Exercise requirements:
Please return every entry below exactly as written, without any of its pictures.
------
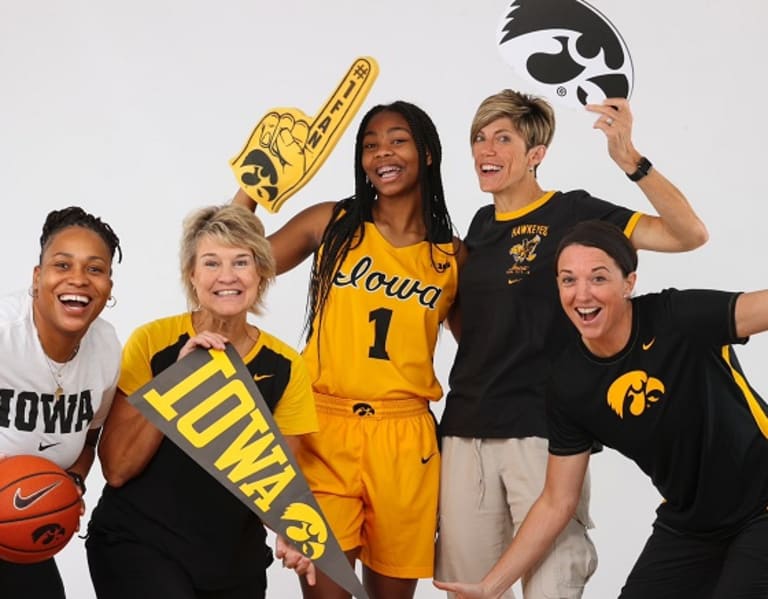 Go Iowa Awesome  –  Iowa WBB Class of 2025 Top Targets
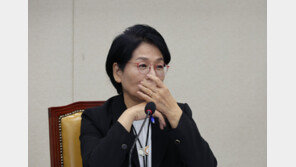 국힘, ‘자녀 결혼식 축의금’ 최민희 과방위원장 뇌물 혐의로 고발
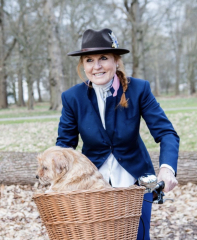 Royal Style: On with the chic, and the royal mystique! 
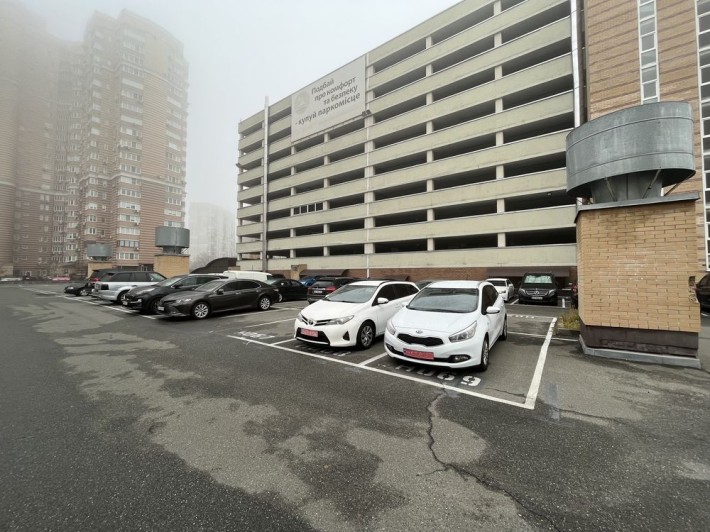 Продам паркомісце ЖК Голосіївська Фортеця - фото 1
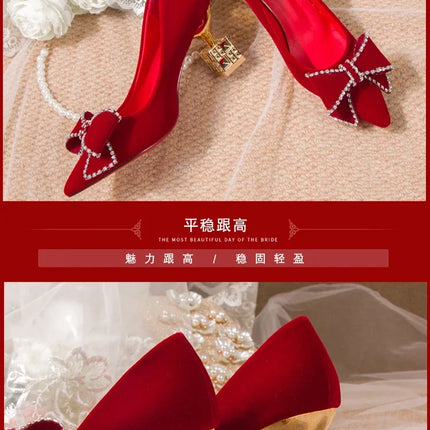Moda di lusso Rivetto Fibbia Cintura Appartamenti Mocassino slip-on da donna Scarpe a punta Scarpe da balletto Mocassini da donna da ufficio 2025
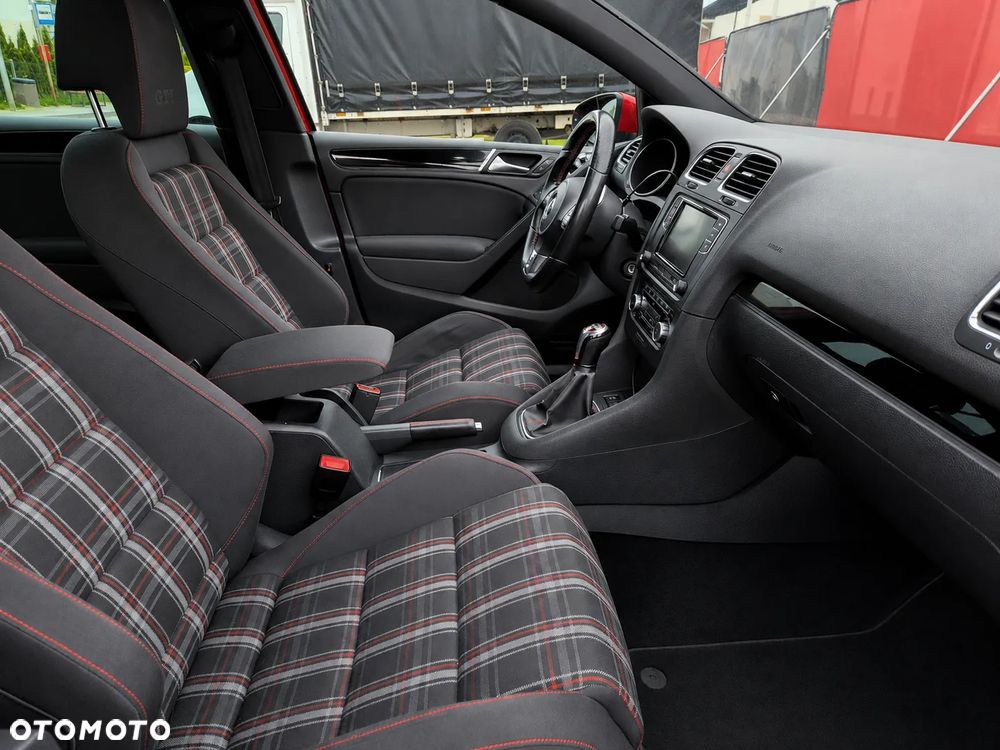 Volkswagen Golf 2.0 GTI - 16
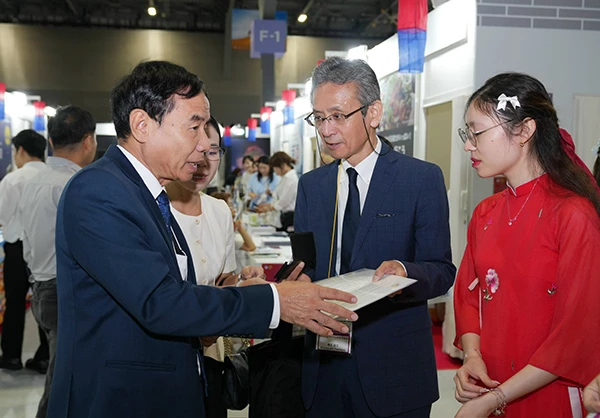 Phó Giám đốc Sở VHTT&DL Đà Nẵng Hà Vỹ trao đổi với các đối tác Nhật Bản tại hội chợ.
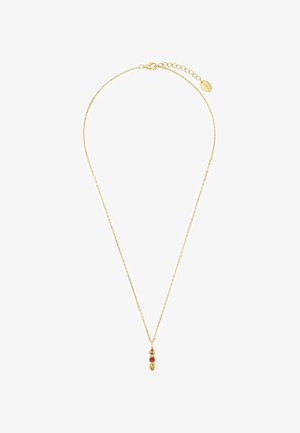 Goudkleurige ketting met een delicate schakel en een drievoudige hanger met rode stenen, inclusief verfijnde zettingen en een kreeftenhaak.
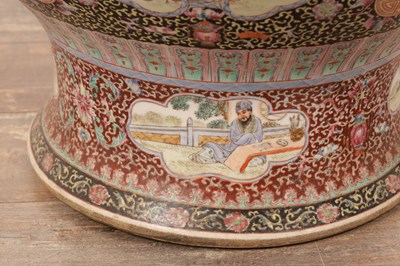 Lot 340 - AN IMPRESSIVE LARGE CHINESE FAMILLE ROSE HALL VASE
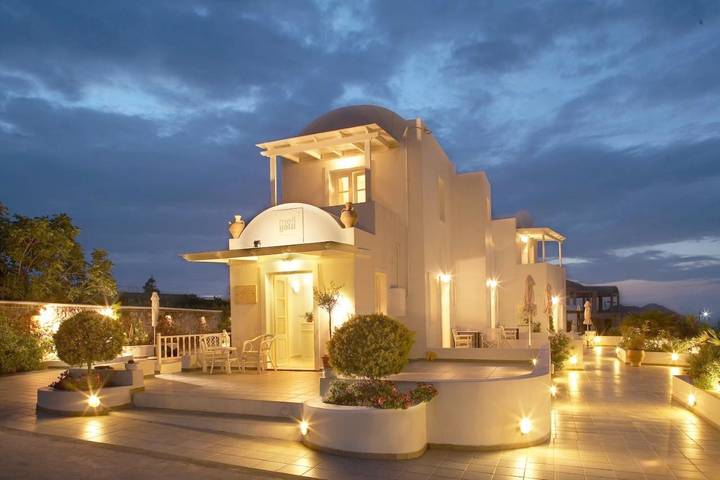 Maison d’hôte pour 2 personnes, avec vue ainsi que jardin et piscine à Santorin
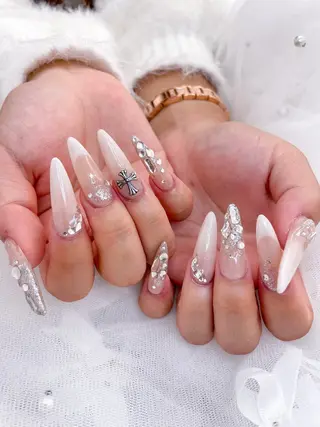 ネイル 五十嵐 美智のネイルデザイン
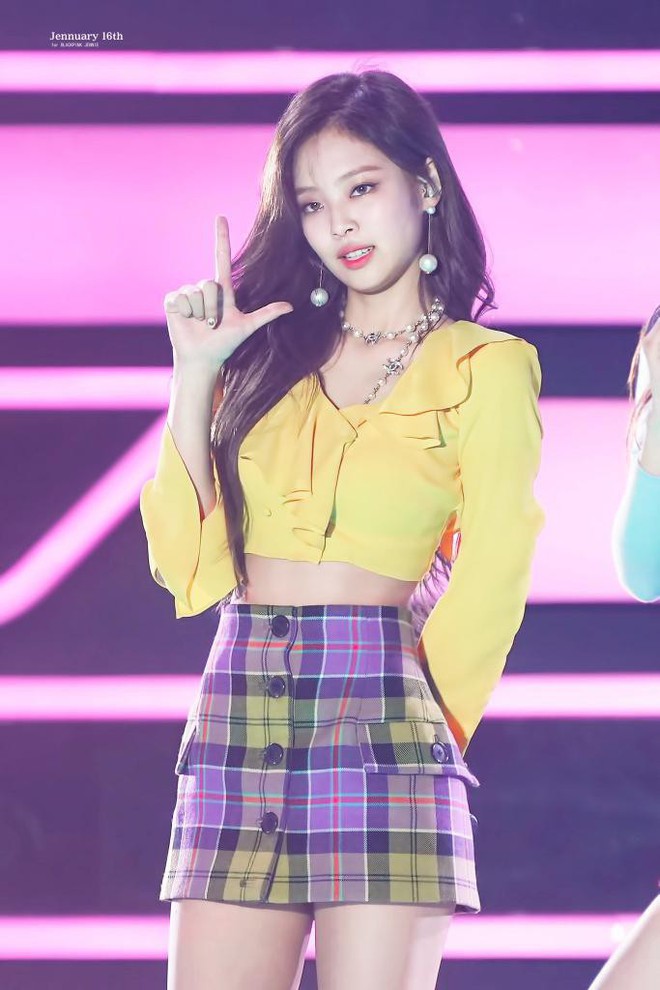 Đúng là không thể đùa với SOLO của Jennie (BLACKPINK): Nữ idol Kpop duy nhất đủ điều kiện đạt chứng nhận Vàng khó nhằn tại Mỹ - Ảnh 1.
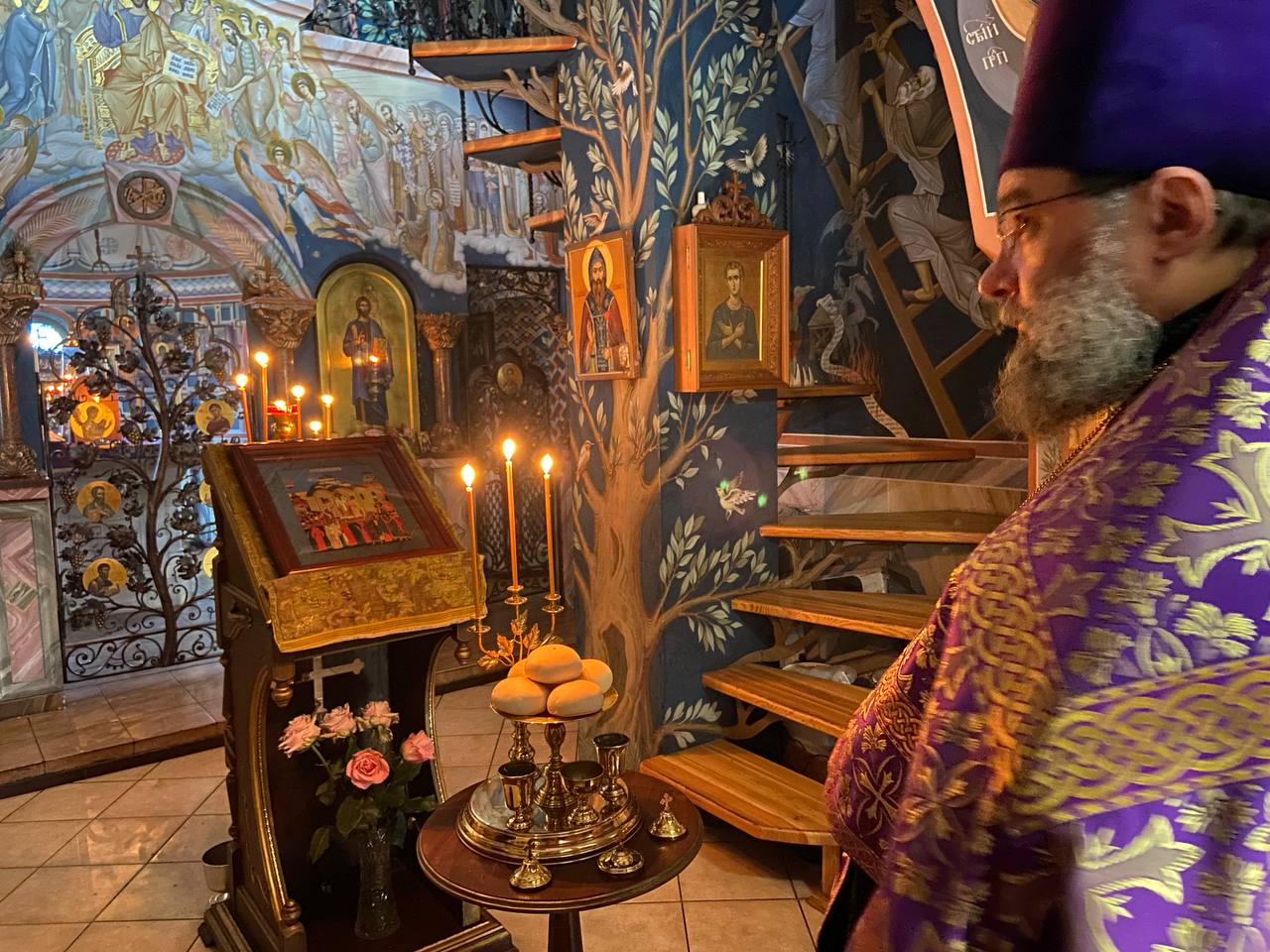 Всенощное накануне праздника Крестовоздвижения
------
Exercise response:
 Go Iowa Awesome  –  Iowa WBB Class of 2025 Top Targets
 국힘, ‘자녀 결혼식 축의금’ 최민희 과방위원장 뇌물 혐의로 고발
 Royal Style: On with the chic, and the royal mystique! 
 Продам паркомісце ЖК Голосіївська Фортеця - фото 1
Moda di lusso Rivetto Fibbia Cintura Appartamenti Mocassino slip-on da donna Scarpe a punta Scarpe da balletto Mocassini da donna da ufficio 2025
 Volkswagen Golf 2.0 GTI - 16
 Phó Giám đốc Sở VHTT&DL Đà Nẵng Hà Vỹ trao đổi với các đối tác Nhật Bản tại hội chợ.
 Goudkleurige ketting met een delicate schakel en een drievoudige hanger met rode stenen, inclusief verfijnde zettingen en een kreeftenhaak.
 Lot 340 - AN IMPRESSIVE LARGE CHINESE FAMILLE ROSE HALL VASE
 Maison d’hôte pour 2 personnes, avec vue ainsi que jardin et piscine à Santorin
 ネイル 五十嵐 美智のネイルデザイン
 Đúng là không thể đùa với SOLO của Jennie (BLACKPINK): Nữ idol Kpop duy nhất đủ điều kiện đạt chứng nhận Vàng khó nhằn tại Mỹ - Ảnh 1.
 Всенощное накануне праздника Крестовоздвижения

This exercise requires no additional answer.